= RECORD SET =

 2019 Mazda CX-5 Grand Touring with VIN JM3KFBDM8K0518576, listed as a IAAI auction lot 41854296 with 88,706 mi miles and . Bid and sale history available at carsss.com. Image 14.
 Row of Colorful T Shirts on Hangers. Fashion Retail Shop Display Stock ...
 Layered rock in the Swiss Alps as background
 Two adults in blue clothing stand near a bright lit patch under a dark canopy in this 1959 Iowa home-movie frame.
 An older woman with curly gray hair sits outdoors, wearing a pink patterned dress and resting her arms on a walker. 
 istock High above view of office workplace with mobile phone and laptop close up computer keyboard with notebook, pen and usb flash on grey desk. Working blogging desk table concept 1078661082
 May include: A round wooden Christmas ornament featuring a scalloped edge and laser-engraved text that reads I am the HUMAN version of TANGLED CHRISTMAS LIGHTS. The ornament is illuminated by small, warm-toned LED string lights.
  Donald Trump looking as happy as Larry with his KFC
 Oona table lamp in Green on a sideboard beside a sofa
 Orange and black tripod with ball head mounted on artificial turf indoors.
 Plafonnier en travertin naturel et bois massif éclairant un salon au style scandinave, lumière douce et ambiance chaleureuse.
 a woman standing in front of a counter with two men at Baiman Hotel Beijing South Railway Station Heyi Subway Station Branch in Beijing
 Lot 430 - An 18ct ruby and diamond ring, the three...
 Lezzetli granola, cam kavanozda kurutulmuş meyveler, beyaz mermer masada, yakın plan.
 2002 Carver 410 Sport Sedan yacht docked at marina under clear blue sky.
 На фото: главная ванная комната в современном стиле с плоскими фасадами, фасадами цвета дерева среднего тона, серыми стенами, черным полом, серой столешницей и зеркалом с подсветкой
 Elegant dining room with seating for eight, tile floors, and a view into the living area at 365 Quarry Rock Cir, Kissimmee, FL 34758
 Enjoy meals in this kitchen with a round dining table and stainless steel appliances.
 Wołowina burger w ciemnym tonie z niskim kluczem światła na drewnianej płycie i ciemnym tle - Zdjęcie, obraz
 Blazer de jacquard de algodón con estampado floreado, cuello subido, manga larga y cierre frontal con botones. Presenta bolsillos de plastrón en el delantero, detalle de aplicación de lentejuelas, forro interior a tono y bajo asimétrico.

= WHAT TO PRODUCE =
From the listing, reproduce every line where the word "woman" is present.

= THE COMPLETED TASK =
 An older woman with curly gray hair sits outdoors, wearing a pink patterned dress and resting her arms on a walker. 
 a woman standing in front of a counter with two men at Baiman Hotel Beijing South Railway Station Heyi Subway Station Branch in Beijing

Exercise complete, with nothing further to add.